YAML files to Google BigQuery. What should my architecture on Google Cloud Platform be?

This question concerns what should be an appropriate architecture on Google Cloud Platform for my particular use case.

I have a bunch of .yaml files that I would like to run SQL queries on using Google Cloud Platform's products. The combined size of these files would not be more than 30MB and each file would be on average about 50KB. New files would also not be added very frequently - about 2-3 times a year.

I was thinking I could design an architecture where all these files are saved on Cloud Storage, I run a Dataflow pipeline/Cloud Functions to convert these .yaml files to .json and then import them into BigQuery to run SQL queries.

What seems to be an appropriate approach? Using Dataflow or Cloud Functions for pre-processing or something else entirely?

I am also comfortable with Python so would be looking for a solution that incorporates that. For example Dataflow has a Python SDK.

Upvotes: 0

Answers (2)

Graham Polley

Reputation: 14781

BigQuery probably isn't the right tool for this. Also, using a VM is a bit of work and will be expensive too. You'll also need to maintain that VM.

Here's an approach using Cloud Functions. I'm going to assume you don't have to use SQL and can simply load the file(s) contents into memory and simply do basic string searching.
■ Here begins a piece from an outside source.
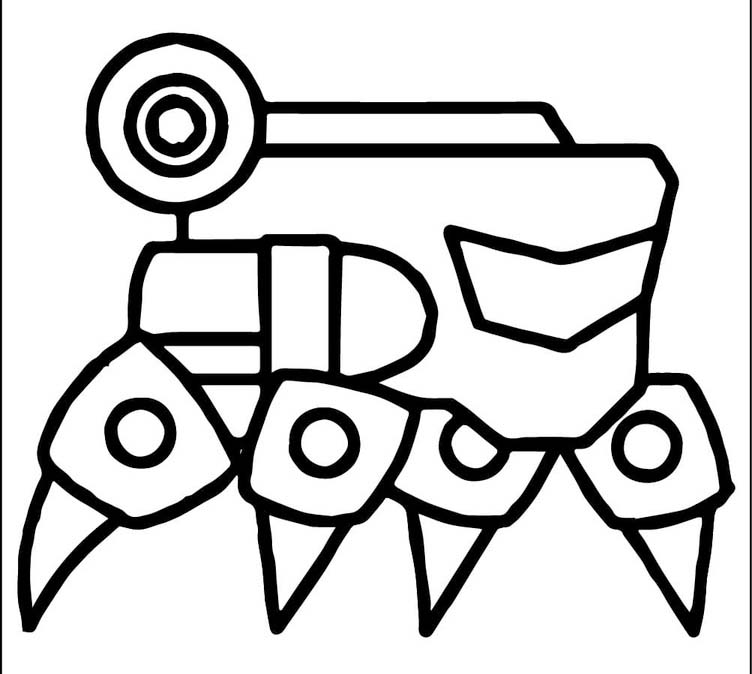 Kolorowanka Narysuj Geometry Dash wydruku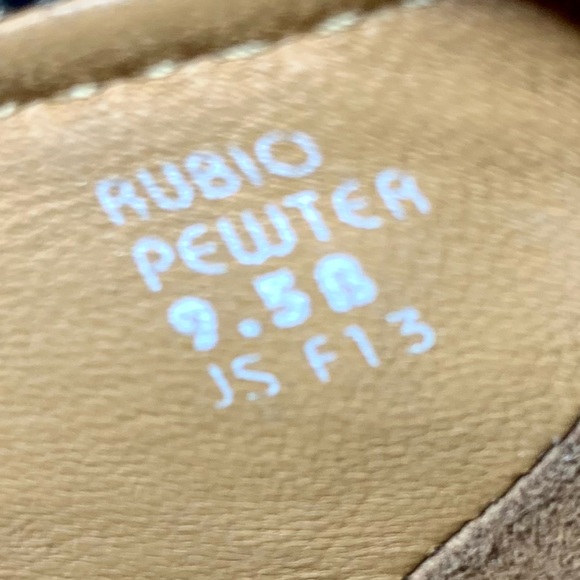 Earthies Rubio Metallic Bow Hidden Wedge Comfort Shoes 9.5 Edgy Artsy Balletcore - Picture 13 of 16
The code is a little crude and cobbled together from other answers on SO, but it should be enough to get you going.

Create a Cloud Function (example uses Node, but could be Python too) to listen to your bucket and set the memory to an appropriate size e.g 256MB. That's because we'll be reading the contents into memory. Also, bump up the max execution time from the default of 60s.

Deploy it.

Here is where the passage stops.